Jacob Burckhardt (May 25, 1818 to August 8, 1897) was a Swiss historian whose most famous work concentrated on Italian art and culture. Burckhardt, the author of The Civilization of the Renaissance in Italy (1860) did not just tell the story of the Renaissance. Burckhard invented the label Renaissance for such an era, and in writing a 500 page book to say what he meant, he also invented that era: one of man's growth of individuality. He was aware of this, though readers soon forgot. As he says at the start, "The State is a Work of Art", and what he meant was not just that others could come to different conclusions with the same material, but that they could all be true.

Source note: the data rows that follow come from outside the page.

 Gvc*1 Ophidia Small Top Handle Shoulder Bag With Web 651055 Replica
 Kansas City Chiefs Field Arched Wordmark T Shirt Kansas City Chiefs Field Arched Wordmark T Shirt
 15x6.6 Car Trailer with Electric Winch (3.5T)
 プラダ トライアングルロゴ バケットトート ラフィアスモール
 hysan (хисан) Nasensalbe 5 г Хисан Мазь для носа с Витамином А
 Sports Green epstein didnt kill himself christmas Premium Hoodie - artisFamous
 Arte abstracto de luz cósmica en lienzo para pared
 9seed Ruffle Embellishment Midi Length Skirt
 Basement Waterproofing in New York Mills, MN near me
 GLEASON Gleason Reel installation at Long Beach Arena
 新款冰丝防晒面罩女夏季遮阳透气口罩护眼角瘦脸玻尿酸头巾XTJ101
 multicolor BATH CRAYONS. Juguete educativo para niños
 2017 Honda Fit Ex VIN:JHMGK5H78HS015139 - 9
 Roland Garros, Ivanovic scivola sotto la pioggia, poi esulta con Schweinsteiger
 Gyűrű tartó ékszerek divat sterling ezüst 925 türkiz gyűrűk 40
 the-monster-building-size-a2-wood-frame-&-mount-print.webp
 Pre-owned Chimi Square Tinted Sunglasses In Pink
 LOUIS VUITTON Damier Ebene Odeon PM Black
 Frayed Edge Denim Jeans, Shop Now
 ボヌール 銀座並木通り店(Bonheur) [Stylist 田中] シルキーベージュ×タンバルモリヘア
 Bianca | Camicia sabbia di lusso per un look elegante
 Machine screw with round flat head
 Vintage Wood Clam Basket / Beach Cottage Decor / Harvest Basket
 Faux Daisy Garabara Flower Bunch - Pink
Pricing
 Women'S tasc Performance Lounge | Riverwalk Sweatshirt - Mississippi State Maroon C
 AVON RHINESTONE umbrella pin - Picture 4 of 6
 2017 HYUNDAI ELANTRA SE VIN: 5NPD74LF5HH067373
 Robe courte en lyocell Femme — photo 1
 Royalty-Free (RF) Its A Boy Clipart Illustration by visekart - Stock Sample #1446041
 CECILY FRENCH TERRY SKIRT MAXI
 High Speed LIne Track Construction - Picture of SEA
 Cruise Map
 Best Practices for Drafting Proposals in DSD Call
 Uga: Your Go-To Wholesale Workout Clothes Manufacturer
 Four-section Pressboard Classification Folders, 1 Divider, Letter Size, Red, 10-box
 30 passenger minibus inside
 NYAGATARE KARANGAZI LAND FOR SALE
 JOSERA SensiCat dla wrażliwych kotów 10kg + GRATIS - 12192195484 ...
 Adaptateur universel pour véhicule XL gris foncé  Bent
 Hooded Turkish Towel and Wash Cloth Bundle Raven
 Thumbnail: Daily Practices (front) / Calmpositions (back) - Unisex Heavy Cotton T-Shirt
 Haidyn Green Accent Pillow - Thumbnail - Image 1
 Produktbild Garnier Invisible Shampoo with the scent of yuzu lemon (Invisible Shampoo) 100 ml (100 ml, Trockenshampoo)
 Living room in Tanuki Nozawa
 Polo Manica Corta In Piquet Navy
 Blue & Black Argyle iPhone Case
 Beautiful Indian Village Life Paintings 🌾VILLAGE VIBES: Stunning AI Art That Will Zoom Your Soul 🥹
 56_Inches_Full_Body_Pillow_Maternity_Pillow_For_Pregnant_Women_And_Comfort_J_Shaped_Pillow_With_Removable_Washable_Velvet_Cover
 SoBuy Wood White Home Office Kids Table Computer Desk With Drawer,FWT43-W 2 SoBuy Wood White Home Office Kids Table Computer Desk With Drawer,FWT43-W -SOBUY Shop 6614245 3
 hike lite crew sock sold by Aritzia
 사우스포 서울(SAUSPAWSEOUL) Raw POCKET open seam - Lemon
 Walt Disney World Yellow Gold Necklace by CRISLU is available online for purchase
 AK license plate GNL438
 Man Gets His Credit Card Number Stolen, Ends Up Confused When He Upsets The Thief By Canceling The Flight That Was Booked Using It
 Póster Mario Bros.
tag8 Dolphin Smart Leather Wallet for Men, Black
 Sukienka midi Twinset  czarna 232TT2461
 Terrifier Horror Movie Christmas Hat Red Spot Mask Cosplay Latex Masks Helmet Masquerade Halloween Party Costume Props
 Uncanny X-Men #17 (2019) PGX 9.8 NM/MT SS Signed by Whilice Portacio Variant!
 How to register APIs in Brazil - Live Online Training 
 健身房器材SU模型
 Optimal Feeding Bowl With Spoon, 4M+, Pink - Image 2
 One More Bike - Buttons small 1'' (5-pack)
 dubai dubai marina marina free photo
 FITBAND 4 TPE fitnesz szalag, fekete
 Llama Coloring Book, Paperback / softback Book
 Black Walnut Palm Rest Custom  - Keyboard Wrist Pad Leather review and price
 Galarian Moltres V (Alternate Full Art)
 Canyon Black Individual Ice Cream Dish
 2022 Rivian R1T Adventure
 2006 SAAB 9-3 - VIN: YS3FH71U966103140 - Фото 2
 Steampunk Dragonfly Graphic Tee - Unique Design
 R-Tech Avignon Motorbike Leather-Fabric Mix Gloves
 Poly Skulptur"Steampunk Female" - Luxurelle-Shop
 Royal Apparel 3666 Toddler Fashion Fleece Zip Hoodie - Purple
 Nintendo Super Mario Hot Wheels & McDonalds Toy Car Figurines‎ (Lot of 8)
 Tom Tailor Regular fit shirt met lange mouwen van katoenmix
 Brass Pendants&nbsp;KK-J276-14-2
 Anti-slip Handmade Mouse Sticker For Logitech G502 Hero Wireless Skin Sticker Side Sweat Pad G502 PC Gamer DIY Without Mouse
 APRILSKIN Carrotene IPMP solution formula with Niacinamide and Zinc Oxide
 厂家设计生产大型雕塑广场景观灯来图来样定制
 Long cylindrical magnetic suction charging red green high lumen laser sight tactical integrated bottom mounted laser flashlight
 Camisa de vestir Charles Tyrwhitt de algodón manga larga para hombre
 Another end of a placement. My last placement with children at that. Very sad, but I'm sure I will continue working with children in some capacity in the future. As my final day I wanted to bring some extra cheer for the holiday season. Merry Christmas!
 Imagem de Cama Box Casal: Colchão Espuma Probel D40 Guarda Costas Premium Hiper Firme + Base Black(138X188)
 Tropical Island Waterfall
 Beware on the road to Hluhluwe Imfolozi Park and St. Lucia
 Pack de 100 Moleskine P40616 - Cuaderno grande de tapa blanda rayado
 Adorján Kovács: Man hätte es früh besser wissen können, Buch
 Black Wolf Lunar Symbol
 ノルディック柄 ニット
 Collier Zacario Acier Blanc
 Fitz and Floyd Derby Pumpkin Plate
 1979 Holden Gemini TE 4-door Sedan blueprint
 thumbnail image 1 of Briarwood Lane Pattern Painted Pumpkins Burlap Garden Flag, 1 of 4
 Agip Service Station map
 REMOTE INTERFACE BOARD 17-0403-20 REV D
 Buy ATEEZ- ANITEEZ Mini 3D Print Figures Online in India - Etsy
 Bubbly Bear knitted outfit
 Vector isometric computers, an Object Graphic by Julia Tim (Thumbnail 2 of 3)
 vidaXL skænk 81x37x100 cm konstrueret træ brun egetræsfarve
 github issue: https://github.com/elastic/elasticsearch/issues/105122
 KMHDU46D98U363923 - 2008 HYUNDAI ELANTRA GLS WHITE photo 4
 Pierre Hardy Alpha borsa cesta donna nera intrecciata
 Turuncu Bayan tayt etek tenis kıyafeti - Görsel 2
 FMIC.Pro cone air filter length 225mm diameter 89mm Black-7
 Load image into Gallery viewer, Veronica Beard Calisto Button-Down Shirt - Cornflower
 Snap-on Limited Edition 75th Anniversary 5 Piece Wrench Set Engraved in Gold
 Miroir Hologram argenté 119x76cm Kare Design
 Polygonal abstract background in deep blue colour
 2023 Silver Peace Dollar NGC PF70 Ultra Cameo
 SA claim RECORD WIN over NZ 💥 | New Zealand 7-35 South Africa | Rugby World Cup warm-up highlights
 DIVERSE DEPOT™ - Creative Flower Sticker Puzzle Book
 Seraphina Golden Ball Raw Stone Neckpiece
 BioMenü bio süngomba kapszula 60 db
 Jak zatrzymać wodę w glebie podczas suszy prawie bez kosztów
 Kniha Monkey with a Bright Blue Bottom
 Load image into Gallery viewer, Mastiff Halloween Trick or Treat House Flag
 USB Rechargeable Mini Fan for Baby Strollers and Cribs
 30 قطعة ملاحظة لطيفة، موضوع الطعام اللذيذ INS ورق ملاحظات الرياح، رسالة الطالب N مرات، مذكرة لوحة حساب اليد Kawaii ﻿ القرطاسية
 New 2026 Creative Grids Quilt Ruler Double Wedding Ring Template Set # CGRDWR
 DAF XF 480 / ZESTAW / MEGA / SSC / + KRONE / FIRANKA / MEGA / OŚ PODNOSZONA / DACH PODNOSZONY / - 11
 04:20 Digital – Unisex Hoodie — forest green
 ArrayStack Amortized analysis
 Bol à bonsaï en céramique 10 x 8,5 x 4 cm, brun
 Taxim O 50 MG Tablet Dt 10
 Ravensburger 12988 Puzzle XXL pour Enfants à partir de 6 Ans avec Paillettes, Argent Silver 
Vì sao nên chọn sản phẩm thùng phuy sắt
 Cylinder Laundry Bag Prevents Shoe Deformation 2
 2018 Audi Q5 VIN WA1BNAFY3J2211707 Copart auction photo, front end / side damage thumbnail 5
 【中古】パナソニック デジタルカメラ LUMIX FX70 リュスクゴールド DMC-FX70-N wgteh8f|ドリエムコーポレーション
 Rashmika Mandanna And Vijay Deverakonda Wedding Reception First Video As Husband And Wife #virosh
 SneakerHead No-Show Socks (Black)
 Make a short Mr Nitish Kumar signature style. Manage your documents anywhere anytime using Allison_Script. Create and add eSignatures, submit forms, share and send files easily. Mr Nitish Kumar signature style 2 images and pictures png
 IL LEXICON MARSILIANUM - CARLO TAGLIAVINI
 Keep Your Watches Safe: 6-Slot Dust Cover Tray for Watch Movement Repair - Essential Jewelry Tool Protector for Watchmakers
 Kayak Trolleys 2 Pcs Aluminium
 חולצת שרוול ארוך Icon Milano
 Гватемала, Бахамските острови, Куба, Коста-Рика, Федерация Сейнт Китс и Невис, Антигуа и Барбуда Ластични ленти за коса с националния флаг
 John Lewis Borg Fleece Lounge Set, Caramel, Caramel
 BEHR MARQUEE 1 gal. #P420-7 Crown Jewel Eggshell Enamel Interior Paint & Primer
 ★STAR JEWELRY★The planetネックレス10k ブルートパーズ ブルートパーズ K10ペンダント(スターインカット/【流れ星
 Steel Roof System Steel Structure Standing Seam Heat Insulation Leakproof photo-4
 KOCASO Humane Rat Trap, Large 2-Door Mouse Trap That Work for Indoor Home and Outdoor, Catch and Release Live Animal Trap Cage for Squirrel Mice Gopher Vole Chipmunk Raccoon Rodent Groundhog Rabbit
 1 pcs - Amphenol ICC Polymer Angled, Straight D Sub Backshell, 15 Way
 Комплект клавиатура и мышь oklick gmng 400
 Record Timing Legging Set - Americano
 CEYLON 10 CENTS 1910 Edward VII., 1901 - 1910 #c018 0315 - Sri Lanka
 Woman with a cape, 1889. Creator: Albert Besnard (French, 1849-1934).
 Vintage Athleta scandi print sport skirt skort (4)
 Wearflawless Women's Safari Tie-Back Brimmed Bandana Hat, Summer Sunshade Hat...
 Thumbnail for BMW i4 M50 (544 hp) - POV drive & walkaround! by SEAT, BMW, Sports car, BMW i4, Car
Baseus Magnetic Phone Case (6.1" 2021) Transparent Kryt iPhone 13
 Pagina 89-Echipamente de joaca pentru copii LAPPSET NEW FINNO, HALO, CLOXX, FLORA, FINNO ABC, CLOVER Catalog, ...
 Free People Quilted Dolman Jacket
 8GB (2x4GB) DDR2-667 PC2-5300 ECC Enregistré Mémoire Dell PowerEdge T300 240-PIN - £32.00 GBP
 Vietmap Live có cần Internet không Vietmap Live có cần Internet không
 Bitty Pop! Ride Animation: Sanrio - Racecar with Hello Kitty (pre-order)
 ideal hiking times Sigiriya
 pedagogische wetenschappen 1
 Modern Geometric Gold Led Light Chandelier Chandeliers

In this volume Burkhardt also wants to defend the dearth of scientific discoveries on the part of the Italians, and so he includes menageries as something contributed by the Italians to science. Here is what he says about collections of animals in Renaissance Italy:

The collections, too, of foreign animals not only gratified curiosity, but served also the higher purposes of observation. The facility of transport from the southern and eastern harbours of the Mediterranean and the mildness of the Italian climate, made it practicable to buy the largest animals of the south, or to accept them as presents from the Sultans. The cities and princes were especially anxious to keep live lions, even when the lion was not, as in Florence, the emblem of the state. The lions' den was generally in or near the government palace, as in Perugia and Florence; in Rome, it lay on the slope of the Capitol. The beasts sometimes served as executioners of political judgments, and no doubt, apart from this, they kept alive a certain terror in the popular mind. Their condition was also held to be ominous of good or evil....

We used the 1904 translation by S. G. C. Middlemore for the quote above.  Today we have Burckhardt's renaissance, but it is not completely his fault.